[Brief descriptive captions]
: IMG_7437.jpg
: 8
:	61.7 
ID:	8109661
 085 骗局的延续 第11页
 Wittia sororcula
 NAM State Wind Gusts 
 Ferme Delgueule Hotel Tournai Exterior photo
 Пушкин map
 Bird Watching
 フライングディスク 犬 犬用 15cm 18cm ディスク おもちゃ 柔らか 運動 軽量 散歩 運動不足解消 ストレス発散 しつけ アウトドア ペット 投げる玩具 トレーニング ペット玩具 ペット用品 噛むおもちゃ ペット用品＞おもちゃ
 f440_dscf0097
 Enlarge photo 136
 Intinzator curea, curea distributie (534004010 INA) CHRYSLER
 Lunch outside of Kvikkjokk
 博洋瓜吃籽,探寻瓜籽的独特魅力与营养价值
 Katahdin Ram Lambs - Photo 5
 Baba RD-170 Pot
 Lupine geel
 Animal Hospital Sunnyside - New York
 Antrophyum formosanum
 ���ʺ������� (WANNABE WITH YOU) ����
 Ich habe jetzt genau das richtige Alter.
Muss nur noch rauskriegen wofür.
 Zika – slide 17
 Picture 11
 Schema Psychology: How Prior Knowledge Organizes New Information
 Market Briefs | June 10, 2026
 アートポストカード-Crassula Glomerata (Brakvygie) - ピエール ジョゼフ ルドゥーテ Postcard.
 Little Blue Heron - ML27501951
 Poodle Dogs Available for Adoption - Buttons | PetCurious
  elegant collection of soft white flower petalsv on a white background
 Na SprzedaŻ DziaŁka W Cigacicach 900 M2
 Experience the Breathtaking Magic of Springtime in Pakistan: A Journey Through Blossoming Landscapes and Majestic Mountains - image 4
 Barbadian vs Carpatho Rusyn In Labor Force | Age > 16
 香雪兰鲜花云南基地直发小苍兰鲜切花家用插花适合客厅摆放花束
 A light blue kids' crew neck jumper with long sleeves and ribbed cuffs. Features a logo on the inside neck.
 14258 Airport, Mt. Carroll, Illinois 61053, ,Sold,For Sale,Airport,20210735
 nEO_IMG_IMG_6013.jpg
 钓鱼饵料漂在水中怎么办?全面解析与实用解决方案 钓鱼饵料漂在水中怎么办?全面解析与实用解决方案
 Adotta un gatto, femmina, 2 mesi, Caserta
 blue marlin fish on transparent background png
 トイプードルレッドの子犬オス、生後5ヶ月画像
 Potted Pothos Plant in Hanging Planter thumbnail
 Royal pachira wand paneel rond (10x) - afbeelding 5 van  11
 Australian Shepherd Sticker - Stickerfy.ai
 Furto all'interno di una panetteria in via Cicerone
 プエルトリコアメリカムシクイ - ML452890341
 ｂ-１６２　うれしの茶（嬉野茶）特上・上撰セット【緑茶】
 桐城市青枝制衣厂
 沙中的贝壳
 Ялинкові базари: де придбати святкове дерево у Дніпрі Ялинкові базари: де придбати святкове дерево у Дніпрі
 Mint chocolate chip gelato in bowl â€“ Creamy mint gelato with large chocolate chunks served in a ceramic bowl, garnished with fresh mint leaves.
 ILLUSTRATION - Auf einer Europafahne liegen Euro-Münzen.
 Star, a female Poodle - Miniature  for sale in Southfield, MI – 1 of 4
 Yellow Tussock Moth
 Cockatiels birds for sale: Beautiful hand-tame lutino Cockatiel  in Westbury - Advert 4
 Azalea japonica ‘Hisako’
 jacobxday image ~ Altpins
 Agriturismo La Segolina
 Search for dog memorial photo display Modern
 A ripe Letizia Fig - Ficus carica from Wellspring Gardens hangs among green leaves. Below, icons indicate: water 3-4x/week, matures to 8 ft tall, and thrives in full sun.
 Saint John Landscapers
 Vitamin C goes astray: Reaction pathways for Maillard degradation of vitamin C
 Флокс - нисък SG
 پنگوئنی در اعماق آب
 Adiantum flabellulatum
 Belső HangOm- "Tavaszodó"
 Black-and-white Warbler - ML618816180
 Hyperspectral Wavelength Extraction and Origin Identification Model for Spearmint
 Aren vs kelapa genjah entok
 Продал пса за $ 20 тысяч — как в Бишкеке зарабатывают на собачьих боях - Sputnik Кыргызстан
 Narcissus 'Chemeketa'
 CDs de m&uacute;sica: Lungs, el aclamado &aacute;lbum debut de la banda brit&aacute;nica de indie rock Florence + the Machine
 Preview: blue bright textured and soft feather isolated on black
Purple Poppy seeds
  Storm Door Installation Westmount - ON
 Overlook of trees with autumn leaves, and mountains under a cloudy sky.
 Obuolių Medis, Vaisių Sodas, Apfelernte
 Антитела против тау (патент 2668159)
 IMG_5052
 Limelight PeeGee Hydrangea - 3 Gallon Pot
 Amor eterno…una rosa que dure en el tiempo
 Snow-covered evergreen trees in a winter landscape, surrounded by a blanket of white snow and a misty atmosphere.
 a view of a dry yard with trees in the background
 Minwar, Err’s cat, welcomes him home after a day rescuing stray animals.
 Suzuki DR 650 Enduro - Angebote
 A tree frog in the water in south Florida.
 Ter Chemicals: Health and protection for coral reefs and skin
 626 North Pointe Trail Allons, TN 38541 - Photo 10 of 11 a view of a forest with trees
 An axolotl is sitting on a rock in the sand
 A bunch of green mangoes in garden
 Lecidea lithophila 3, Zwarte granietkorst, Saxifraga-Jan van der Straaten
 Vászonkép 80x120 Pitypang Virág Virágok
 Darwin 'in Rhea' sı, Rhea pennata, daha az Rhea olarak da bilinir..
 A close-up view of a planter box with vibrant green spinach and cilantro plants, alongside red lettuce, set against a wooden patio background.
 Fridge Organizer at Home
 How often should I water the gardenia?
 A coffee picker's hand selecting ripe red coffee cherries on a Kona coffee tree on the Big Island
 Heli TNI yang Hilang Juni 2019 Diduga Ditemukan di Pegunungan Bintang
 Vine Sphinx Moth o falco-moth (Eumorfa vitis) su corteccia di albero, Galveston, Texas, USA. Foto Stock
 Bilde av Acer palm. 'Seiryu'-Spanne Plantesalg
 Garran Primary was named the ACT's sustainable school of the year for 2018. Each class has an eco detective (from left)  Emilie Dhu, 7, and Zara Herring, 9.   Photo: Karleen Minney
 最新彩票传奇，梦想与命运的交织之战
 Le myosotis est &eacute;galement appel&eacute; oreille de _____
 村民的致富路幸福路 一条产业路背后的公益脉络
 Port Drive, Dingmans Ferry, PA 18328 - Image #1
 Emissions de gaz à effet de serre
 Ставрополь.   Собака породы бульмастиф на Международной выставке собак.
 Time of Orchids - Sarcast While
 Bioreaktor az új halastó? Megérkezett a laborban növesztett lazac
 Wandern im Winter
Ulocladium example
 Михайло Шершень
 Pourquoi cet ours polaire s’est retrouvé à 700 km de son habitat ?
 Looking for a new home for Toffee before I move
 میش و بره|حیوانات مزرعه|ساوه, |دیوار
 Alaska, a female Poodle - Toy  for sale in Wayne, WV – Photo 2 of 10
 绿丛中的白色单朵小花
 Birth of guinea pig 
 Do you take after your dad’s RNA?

→ WORK REQUIRED
Determine which lines above include the word "after", and report those lines in full.

→ SOLUTION FOR THIS EXERCISE
 Minwar, Err’s cat, welcomes him home after a day rescuing stray animals.
 Do you take after your dad’s RNA?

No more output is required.